The European Union wants a transition period after Brexit to end no later than Dec. 31, 2020, according to the European Commission's negotiating directives agreed yesterday.
The development comes after EU leaders last week signed off on the first stage of Brexit negotiations, ending more than a year of stalemate over Britain's bill for leaving the bloc, as well the fate of the Irish border and EU expatriates.
"The transitional arrangements should apply as from the date of entry into force of the Withdrawal Agreement and should not last beyond 31 December 2020," the published text showed, as reported by Reuters.
Coinciding with the end of the EU's current seven-year budget period, the end of 2020, 21 months after Brexit at the end of March 2019, had long been expected as the target end date of the transition but this was the first official confirmation that this is the official goal of the Union negotiators.
British Prime Minister Theresa May had formally asked for a transition to last around two years.
The four pages of new directives for EU chief negotiator Michel Barnier were in line with guidelines issued by EU leaders at a summit on Friday and will form the basis of talks on the transition which Barnier hopes to start next month.
They spell out that Britain will be effectively still a member of EU institutions, bound by all their rules including new ones, while not having a say in their making. The EU will also offer Britain a non-voting place at some meetings where decisions may affect specific issues and will set up special arrangements for a UK role in setting annual EU fishing quotas.
The directives also spell out more clearly that EU treaties with other countries and international organizations will no longer apply to Britain during the transition period. However, the document adds: "Where it is in the interest of the Union, the Union may consider whether and how arrangements can be agreed that would maintain the effects of the agreements as regards the United Kingdom during the transition period."
As she presses for the quick transition deal, Prime Minister Theresa May faces opposition from hardline eurosceptics in her Conservative Party over the EU's terms.

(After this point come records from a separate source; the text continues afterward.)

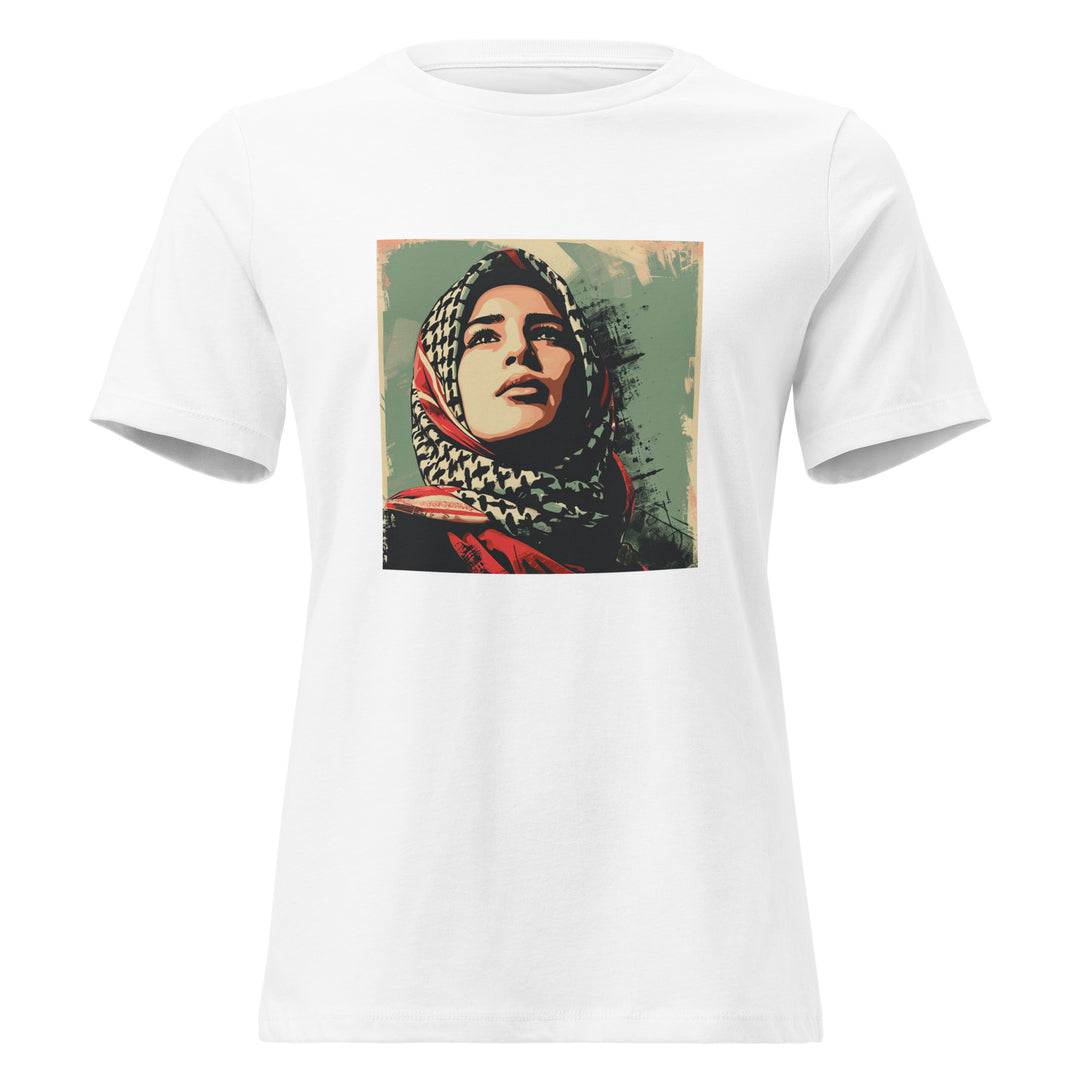 Hope - Women&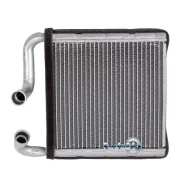 �������� ��������� VAG A3/GOLF/Octavia 1.2T-1.8T/1.6TD-2.0TD Denso 12- Marshall M4993014 M4993014 ����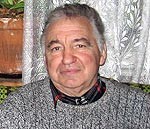 Ērika Kūļa jaunākās grāmatas atvēršanas svētki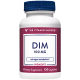 Dim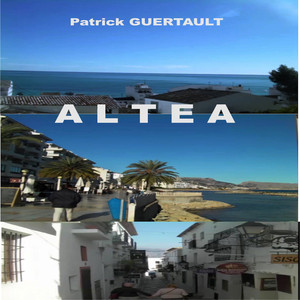 Altea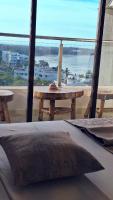 Amarossi Eagle Residence 3rd Avenue Beach Apartments Nyali - B&B
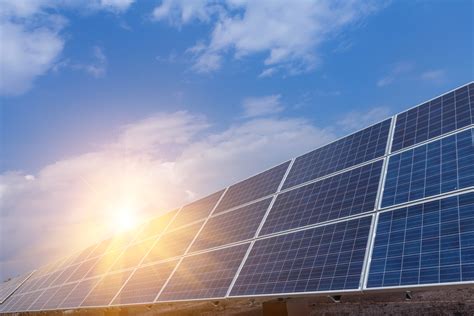 SunForge Energy | Solar Energy Consultants | Commercial Services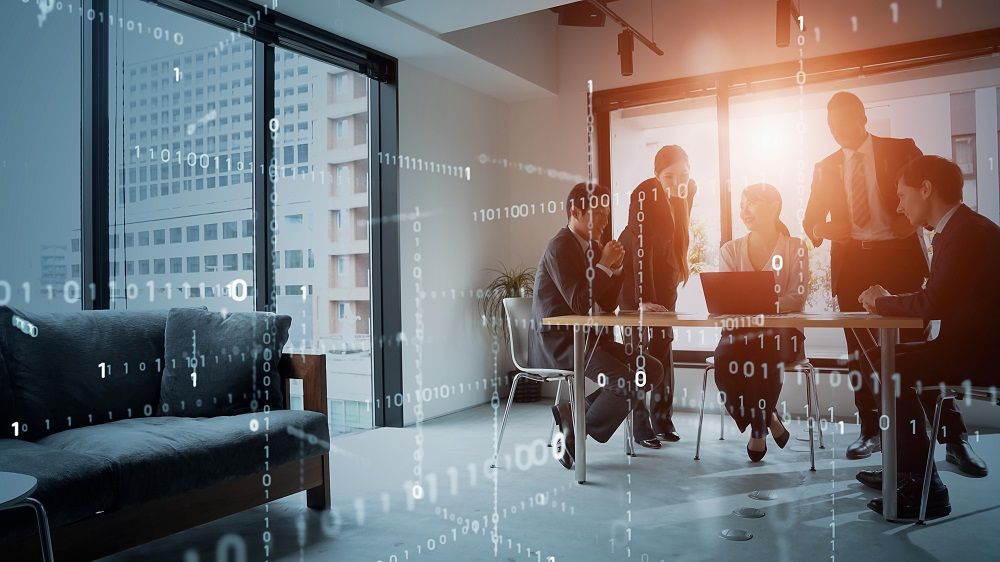 What is HR Manager? Salary, Skills & Career | Human Resource Management | Emeritus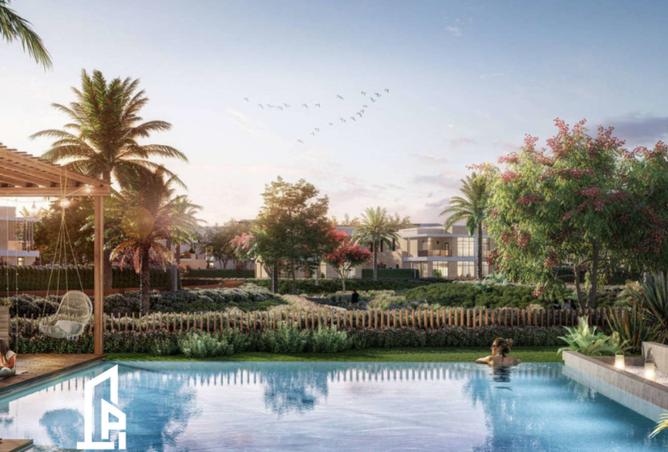 8352405 - Property Image 2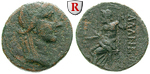 56549 Bronze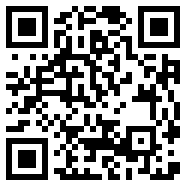 【財(cái)報(bào)季】第一文體2018半年度財(cái)報(bào): 營(yíng)收3973.09萬元，凈利潤(rùn)61.16萬元分享二維碼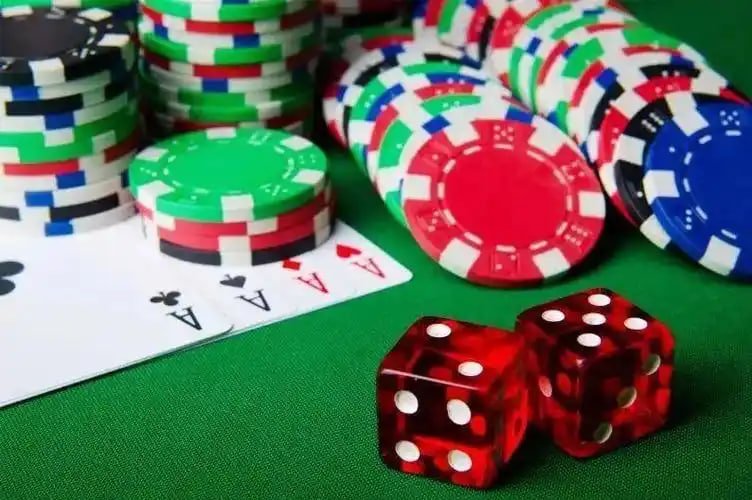brazino cassino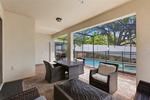 6 bedroom House for sale in Kissimmee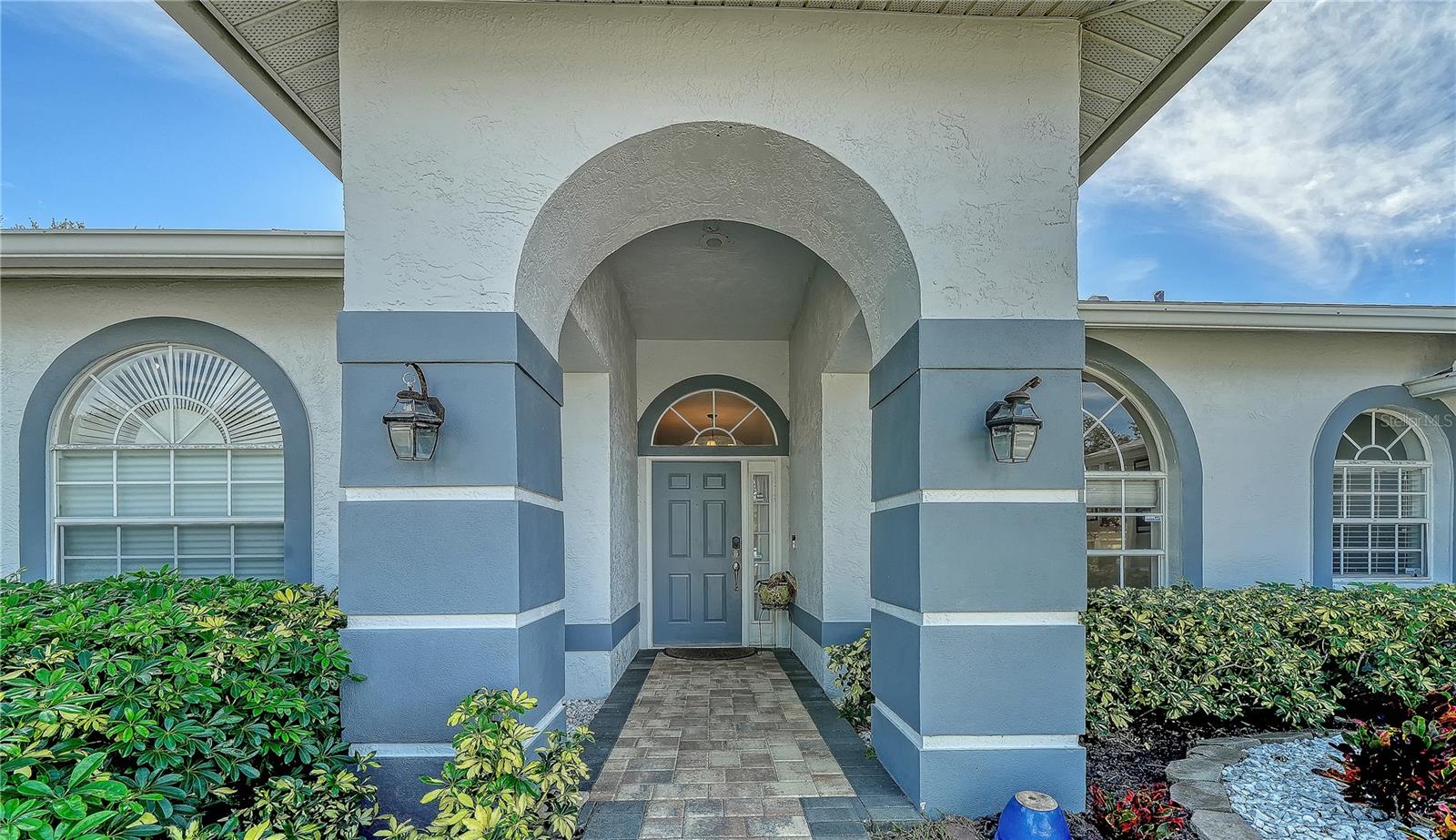 9528 HAWKSMOOR LN — photo 3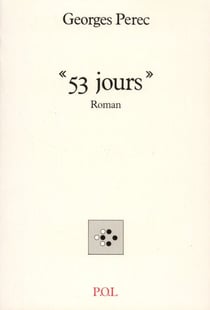 '53 jours'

May has already accepted in theory the continued jurisdiction of the ECJ and that London will have no legal basis to conclude its own trade deals during the period.
Influential pro-Brexit lawmaker Jacob Rees-Mogg slammed this demand as "rather hostile", leaving the UK "no more than a vassal state, a colony, a serf of the European Union," according to AFP.
May insisted to British lawmakers on Monday that the transition is necessary as it would provide continuity for businesses and individuals until the future relationship could be resolved.
She repeated that Britain would be leaving the EU's single market and customs union, but said the transition arrangements were "a practical matter that most people will understand and appreciate".
The next phase comes as Barnier ruffled feathers in London on Tuesday with a warning that any ties after Brexit would inevitably result in Britain's financial companies losing full rights to trade across the bloc.
This was a consequence of "the red lines that the British have chosen themselves. In leaving the single market, they lose the financial services passport," Barnier told a group of European newspapers.